Fluorescence Measurement of Slow [Ca²⁺]_i Transients
Slow [Ca²⁺]_i transients (range, several minutes) in single cardiomyocytes were determined by Fura-2/AM fluorescence measurement using a modification of the PC-based Hamamatsu ICMS video imaging system (Hamamatsu Photonics KK) described in detail by Gollnick et al.³⁵ A dual excitation interference filter wheel (340 and 380 nm) and a 150-W Xenon arc lamp were used for Fura-2 excitation (0.4-s double flashes) at 5- or 10-s intervals. Digital intensity images (256x256 pixel; 8-bit resolution; no image averaging) of emission (425 to 575 nm) were acquired for each excitation wavelength using a Hamamatsu C2400-77H ICCD camera. Myocytes were placed in an open plexiglas perfusion chamber (0.2 mL) and adhered to the laminin-coated glass bottom.
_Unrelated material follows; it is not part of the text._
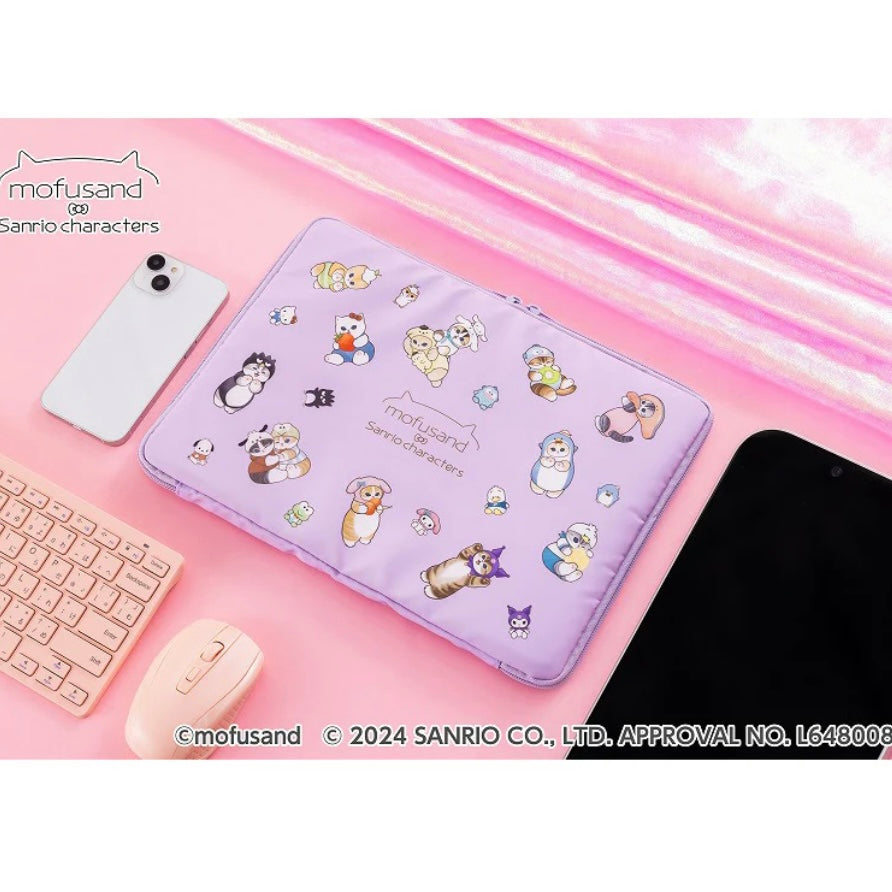 Mofusand|sanrio三丽鸥鲨鱼猫联名人物集合平板电脑包/ipad包|约H230×W320×D20mm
Fura-2 fluorescence was measured in an inverted epifluorescence microscope (Zeiss Axiovert 100 TV with Zeiss Fluar 40x objective, Carl Zeiss) under permanent perfusion of buffers at 37±0.5°C. For evaluation of intensity changes with custom-written software (4 to 5 evaluable cells/experiment), digital measuring windows were placed within the cell borders. Background fluorescence was measured separately for each wavelength and subtracted from each intensity value before the calculation of 340:380-nm ratio images. Relative ratio changes were not converted to absolute changes of [Ca²⁺]_i.

Slow [Ca²⁺]_i transients were elicited by external sodium depletion. After a 25-s baseline interval, standard Tyrode's buffer (see above) was replaced by sodium-free buffer (equimolar substitution of LiCl for NaCl). Fluorescence image acquisition lasted for a total of 17 minutes. Hypercontracting and nonresponding cells were not evaluated. In some experiments, sarcoplasmic reticulum (SR) block was achieved with 30 minutes of preincubation with ryanodine+thapsigargin (10 and 5 µmol/L, respectively). Blocker substances were present throughout the experiment.

Hemodynamic Measurements
For hemodynamic measurements, rats were anesthetized with ether. Polyethylene cannulas were inserted into the trachea for artifical ventilation and into the right carotid artery, right jugular vein, and femoral vein. Pressure was measured through a short segment of a fluid-filled PE 50 tubing connected to a microtip manometer (Millar) via a 3-way stopcock, with 0 adjusted to midchest level. The carotid cannula was advanced briefly into the left ventricle and then was withdrawn to the aortic arch while pressures were recorded. The jugular vein cannula was advanced to the right atrium. Left ventricular systolic and end-diastolic pressures, the maximum rate of rise in left ventricular systolic pressure, dP/dt_max, mean arterial pressure (MAP), heart rate, and mean right atrial pressure (RAP) were measured under light ether anesthesia and spontaneous respiration.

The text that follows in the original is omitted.